As a student, instead of seeing the icons you would see in a portal, you’ll now see weekly progress bars. Those bars correspond to whatever goals a teacher has set — maybe doing a half hour of practice in a literacy app or reading, or something along those lines. The aim is to set near-term reachable goals and give them a set of cues that show them how close they are to completing those near-term goals.

Teachers then get an overview of which where students are on their goals within each segment. That gives them an idea of areas where their students need to catch up and where they are progressing quickly, helping them tune their curriculum or working with specific students that might need help on certain subjects. For teachers whose students are working through several different education tech problems, that gives them an opportunity to quickly see where to focus their efforts.

Part of the reason the actual product itself seems so simple is that it needed to be able to deliver actionable information in bite-sized bits for time-starved teachers and resources. That could simply boil down to the whole red-yellow-green look of a progress bar, but it’s that kind of way of delivering information that helps display a wealth of raw data in a palatable instead of a massive grid of spreadsheets or something along those lines.

“We worked pretty closely with a lot of districts,” Bosmeny said. “Many agreed to buy this product before it was even built. Everyone is struggling with this problem of data in this world where all this software is being used in the classroom. We built this hand-in-hand with districts, they see the need, and districts have been using this as we’ve been testing it.”

Another small change, he said, was that the company found that there was a lot of engagement through an email update on progress compared to through the web portal. Again, it came down to coming to work with teachers on their terms listening to their needs, a common theme among the general software world but one that increasingly needs to be applied to education. “A push instead of a pull has been really effective,” he said.

“Once students can get access to the software, now we can talk about using it smartly and effectively,” he said. “Two years ago, this wouldn’t have made any sense because the access problem wouldn’t have been solved.

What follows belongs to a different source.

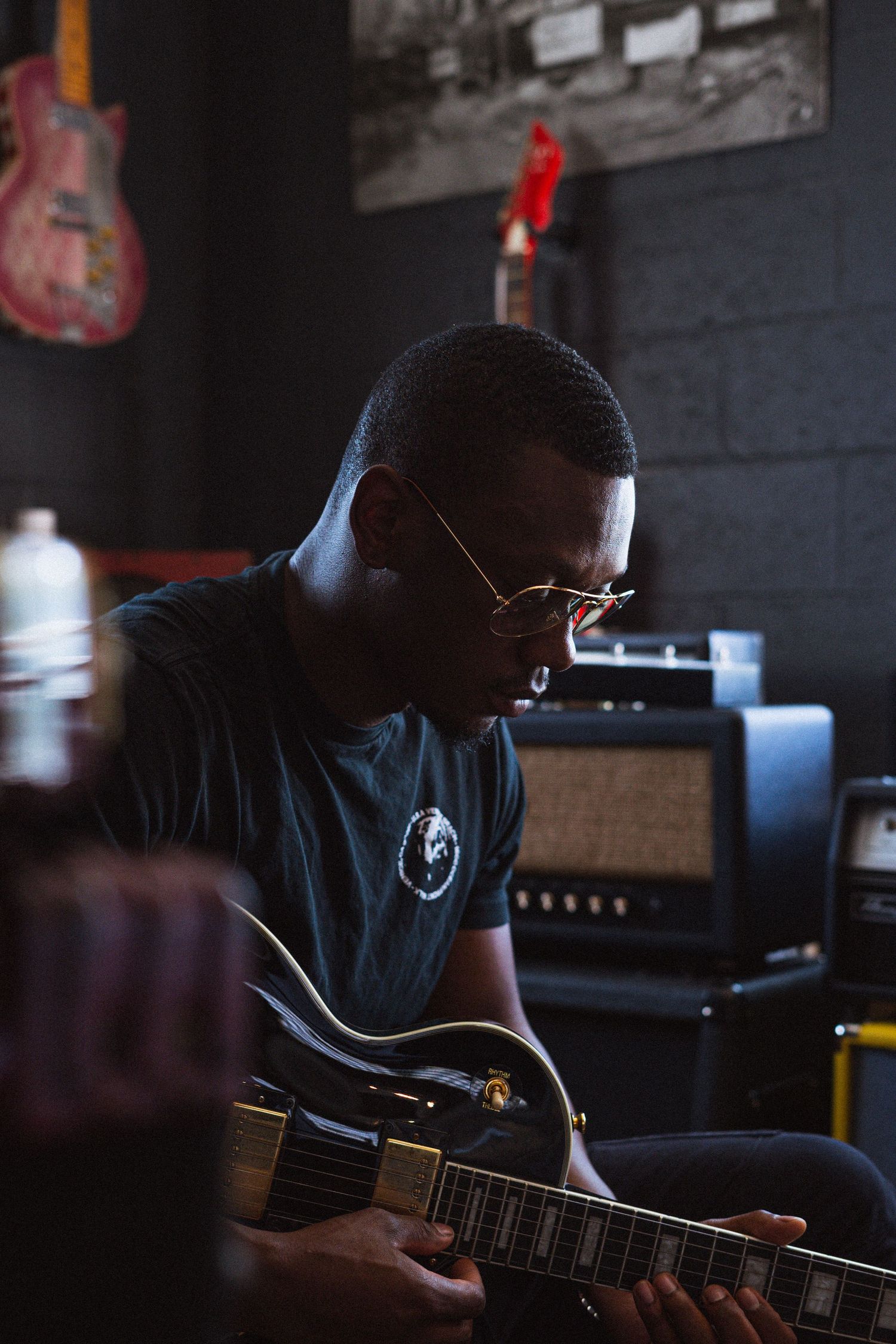 A musician plays guitar in a dimly lit studio space with brick walls.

Teachers were struggling with 20 usernames and passwords. A very high-tech analytics goal-setting mechanism would’ve never gotten off the ground. We believe edtech has gotten to a state of maturity where schools are buying lots of software that’s proving to help kids learn if they use it in the right ways.”

To be sure, there will be plenty of challenges to getting this into the hands of schools. Bosmeny said the company has worked with plenty of districts, but cracking edtech is a notoriously hard problem, and there are a lot of different interpretations of the progress report (such as tools to deliver better feedback like Peergrade). But the goal is to replace that bi-semester piece of paper with something more robust, and Bosmeny thinks that is the way to get more teachers and students on board.